By Jennifer Martin - email
Vernon Brumfield was 16 years-old when he heard about the attack on Pearl Harbor.
"I became alarmed that the Japanese had the audacity to attack the United States. I was somewhat appalled, startled. I had mixed emotions about aggressive activity. I heard on the radio about fear, aggression, annihilation, and destruction and wondered what in the world was going to take place in this great nation of ours," Brumfield said.
When he turned 18, he was drafted.
"I swore my allegiance and so doing I was sworn in to the U.S. Army," Brumfield recalled.
After training, he joined the 589th Field Artillery Battalion, 106th Division.
They shipped off for Europe on the U.S.S. Wakefield and spent about a week in England before heading to Normandy.

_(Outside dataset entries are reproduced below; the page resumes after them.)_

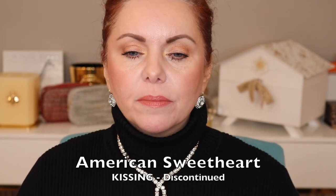Next is American Sweetheart — again, I don't think this exists because I couldn't find it on the site. It's a coral shade — a peachy coral. It's very pretty, a little bit lighter and with a little bit more shimmer to it.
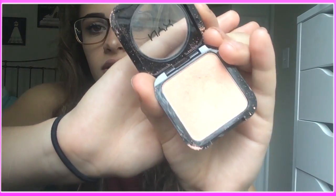Then I have my NYX HD blush in the shade Soft Spoken, and this is what it looks like. I use it more as a highlight color, but it's very peachy, so I kind of use it sometimes as a blush and highlight in one.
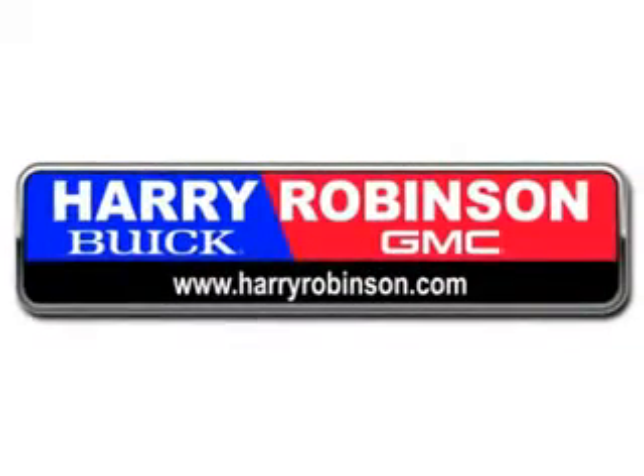Thank you for visiting us at harryrobinson.com. Check out this Goldmiss Metallic 2011 Chevrolet Impala LT Fleet, equipped with a six-cylinder engine and an automatic transmission.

"We were in the second wave. We were not in the 1st wave to strike Normandy, which it was hit June the 6th. But we went down the Seine River into Rouen and we went on across to of course, France, Belgium and Luxemburg to the Seigfried Line," Brumfield said.

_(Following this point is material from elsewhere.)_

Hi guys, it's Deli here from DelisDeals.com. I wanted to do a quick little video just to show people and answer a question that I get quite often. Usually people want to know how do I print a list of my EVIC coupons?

They replaced the 2nd Division in the Schnee Eifle area in western Germany.
"We had about a 28 mile sector to defend in that area. And I may say that no one thought that there would be a direct attack in that vicinity. In fact in was one of the greatest battles in the European event in World War II, the Battle of the Bulge. In fact the SS Battery Division hit our outfit, spearheaded right through it," Brumfield added.

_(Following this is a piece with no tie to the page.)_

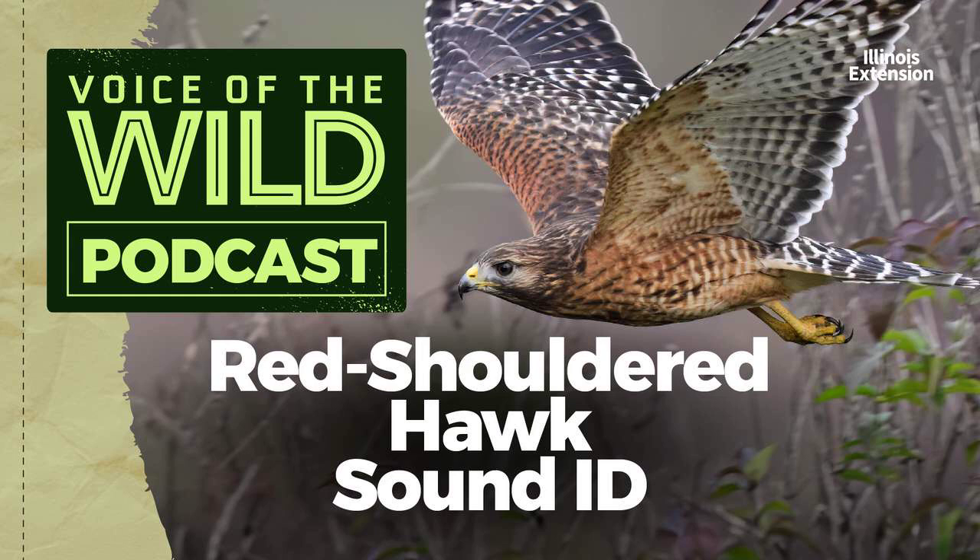Here's the actual hawk — the red-shouldered hawk.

"I was behind the 50 caliber machine gun when the SS came in. We'd been ordered by Col. Kelley to shoot those Germans as they come across the open field of snow, which we did. We went to get munitions. As we departed, we went along a valley and in so doing we joined another group of individuals.
The next morning we went back to reorganize. We was marching back trying to get back to St. Vith, that was division headquarters. We was attacked from above as we was marching in a column below. And I jumped from the convoy, truck and I looked up and people were being slaughtered. And later I wound up at motor pool. Which three days later was encircled by Germans. And an officer was sent up under a flag of truth. And he was shot and killed and they bombarded us for about 8 hours," Brumfield said.
When a second officer went up to surrender, a quiet fell and Brumfield got his first sleep in days. When he woke up, a German was standing there, pointing a bayonet six inches from his chest.
"I didn't want to surrender. Wasn't nothing I could do. As I marched out we went back by where that column had been annihilated and destroyed. Dead bodies everywhere, pieces of artillery, and guns and dead soldiers scattered everywhere."